Guide to Baseball Short Stories: K
- Kalfus, Ken. "The Joy and Melancholy Baseball Trivia Quiz." Sonora Review. In Thirst (Minneapolis: Milkweed, 1998). Surreal take-off on the old-fashioned genre of the gee-whiz trivia quiz.
Clever blend of metafiction and meta-sportswriting. The last vignette – a tale of a 62-pitch at-bat – is perhaps the best.
- Keillor, Garrison. "Three New Twins Join Club in Spring." The New Yorker (1988). In We Are Still Married (New York: Viking, 1989). Repr. Staudohar. Send-up of the usual human-interest stories about off-season player deals; here, imaginary players are signed by the Twins after their 1987 World Series victory.
An occasional piece which is occasionally funny.
- Keillor, Garrison. "What Did We Do Wrong?" The New Yorker (1985). In We Are Still Married (New York: Viking, 1989). Repr. Staudohar. Farrago about an imaginary first woman big-leaguer, played for uneasy antifeminist laughs.
- Kelly, Leslie. "Sliding Home." See Boys of Summer.
- Kerouac, Jack. "Ronnie on the Mound." (1948). Repr. Bowering, Wilber. A rookie pitcher's first big-league inning.
- Kessel, John. "The Franchise." Isaac Asimov's Science Fiction Magazine (1993). Repr. Kinsella, Wilber. Twists of alternative history bring George H.W. Bush to bat against Fidel Castro in the 1959 World Series.
Castro has pitched in several other fictions (see Shepard) but this is his sole appearance against another world leader so far.
- Kessel, John. "Judgment Call." The Magazine of Fantasy and Science Fiction (1987). Repr. Kinsella. A minor-leaguer spends the last night before his call-up with an eldritch woman.
- King, Gary. "The Last Ice Cream Truck of Summer." Aethlon 16.1 (Fall 1998): 31-36. A middle-aged man recalls a key at-bat in a youth-league game long ago, and the girl who watched him go up to bat.
- King, Owen. "Wonders." Book Magazine May-June 2000. Repr.

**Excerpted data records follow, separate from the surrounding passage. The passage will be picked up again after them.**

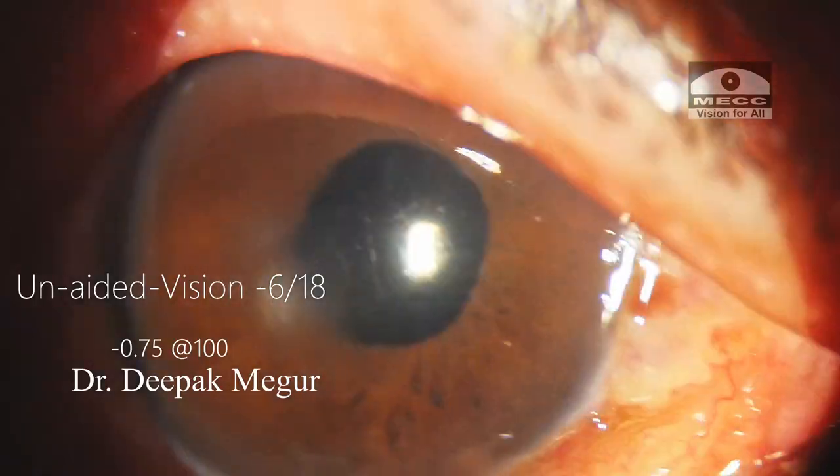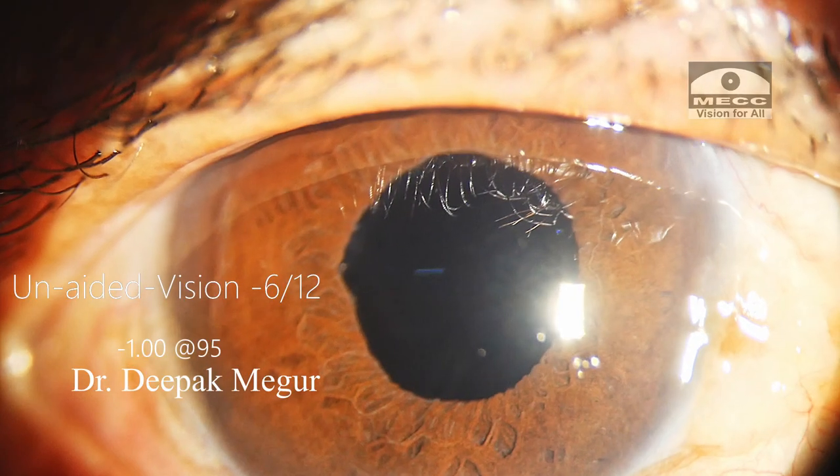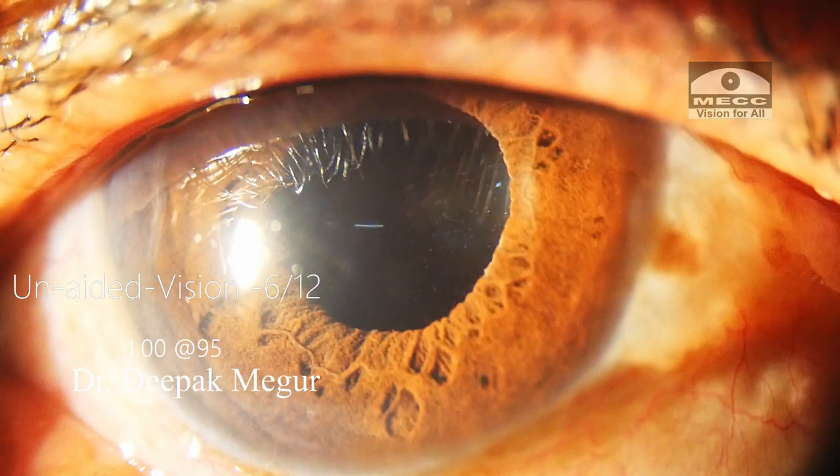This is the first post-op day, and this is how the eye looks on the fifth post-op day.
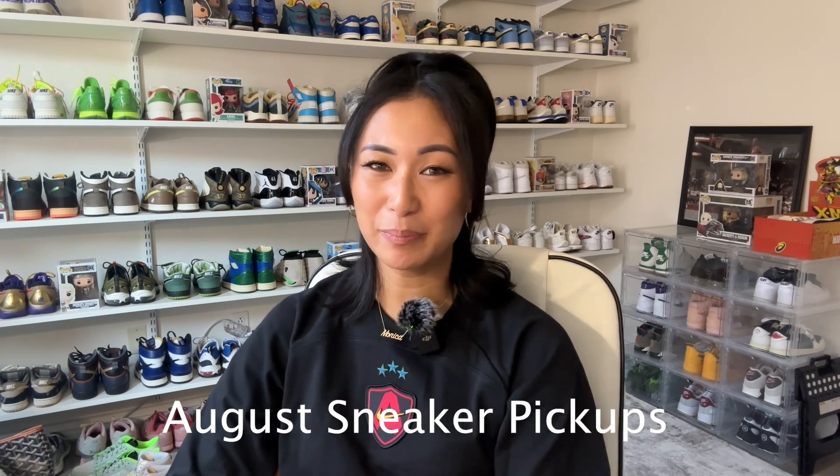Hello everyone and welcome back to my channel. My name is Mons and I create content revolving around sneakers, travel, and lifestyle. And for today's video, I'm going to be going through all of my August sneaker pickups.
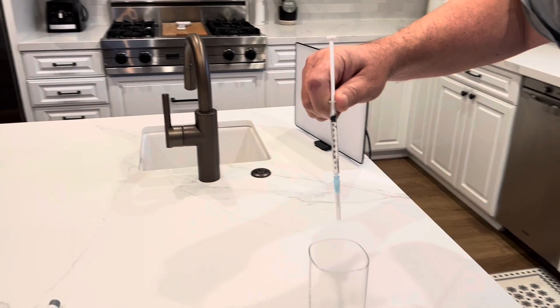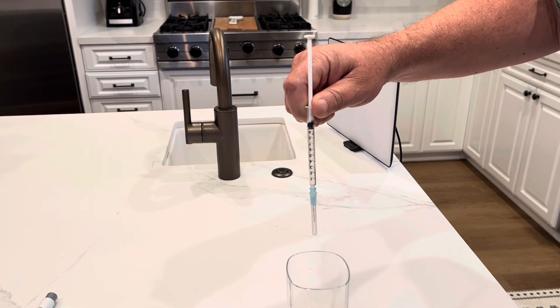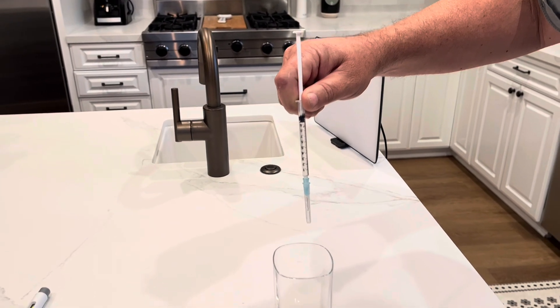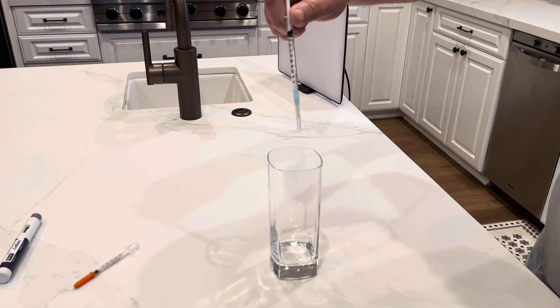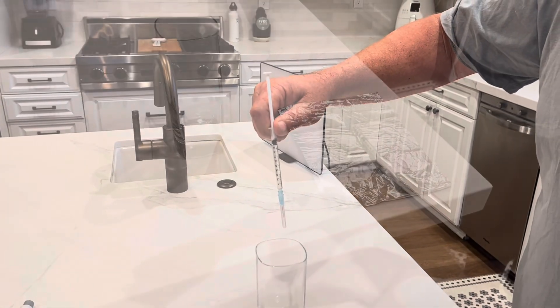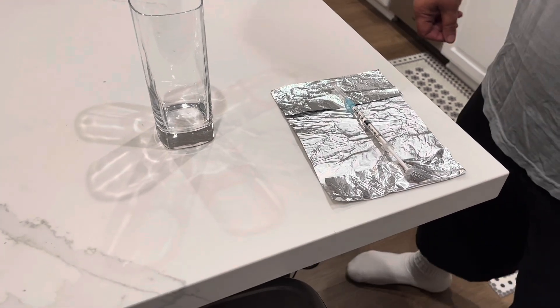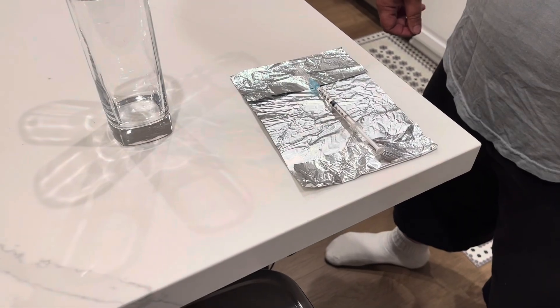A best practice we discovered is to let the foam settle before attempting to reinstall the plunger. So after you inject into the TB syringe, place it in a glass for a minute and let the foam settle, and then put the plunger in. The TB syringe is a little bit too big to fit back in the Ozempic box, so we need to keep it in the dark — the idea is to wrap it in aluminum foil.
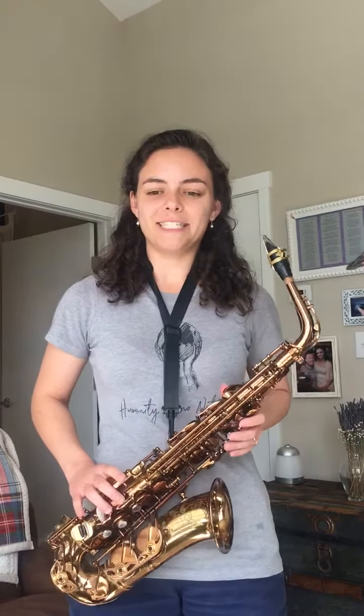Hi, I'm Rachel, and this instrument is a saxophone. I started playing the saxophone in 6th grade, and I still play it every day, and I even got to study it in college.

McNally. Busher in the minors, on his blundering way upwards, contributes to the sorrows of a teammate and a girlfriend.
Vivid, relentlessly ugly story.
- King, Stephen. "Blockade Billy." In Blockade Billy. New York: Scribner, 2010. 3-80. Busher arrives in majors with minimal provenance, maximal talent, and maleficent habits.
Deliberate pastiche of old pulp conventions, with R-rated profanity and violence to let us know we're not in the Saturday Evening Post anymore. Read more about "Blockade Billy" at lection.
- King, Stephen, and Stewart O'Nan. "A Face in the Crowd." Scribner eBook, 2012. Repr. Wilber. Retired widower with much to regret starts seeing long-passed associates in the stands on TV baseball broadcasts.
As usual, Stephen King wouldn't know subtle if it hit him with a brick, but this is a well-crafted classic ghost story reminiscent of The Twilight Zone.
- Kinsella, W. P. has his own page in the Guide.
- Kissane, James. "Frankie's Home Run." Minneapolis Review of Baseball 7.4 (1988): 46-54. Repr. Bjarkman. A fictional memoir of the narrator's "summer of '42" playing Legion ball.
- Klein, Kurt. "The Catcher." Aethlon 12.2 (Spring 1995): 123-139. A white man recalls the 1930s, when he caught a black friend who was not allowed to play for the town team despite his wonderful curveball.
Straightforward story, mostly taken up with exposition.
- Klinkowitz, Jerry. Short Season and Other Stories. Baltimore: Johns Hopkins University Press, 1988. Repr. New York: Collier, 1989. A set of 28 linked short stories that follow a single season of A-class professional baseball in Iowa.
Based loosely on Klinkowitz's own experience as a minor-league executive. This is an unusual and very appealing format for baseball fiction and works very well as an organic unit. Individual stories most notable on their own include: "Bus Trip"; "Release," a study of organizational politics; and "Road Work," a fine inside-baseball story of strategy and tactics. A fascinating essay on the origins of this collection, called "Structuring Short Season," appears in Klinkowitz's Owning a Piece of the Minors (Carbondale: Southern Illinois University Press, 1999).
- Kotzen, Kip. "Pray for Rain." Open City 2000. Repr. McNally. Character sketch of the narrator's college roommate, a longsuffering Red Sox fan.
Original and sharply drawn.
- Kramer, George. "The Magic Number." Ten Story Sports 6.3 (October 1952): 96-106. Baseball phenom is distracted in the middle of a pennant race: his girl won't give him the time of day till he can break 100 on the golf course.
"A Screwball Novelet," one of a couple of wacky humorous tales that appeared alongside more solemn items in Ten Story Sports.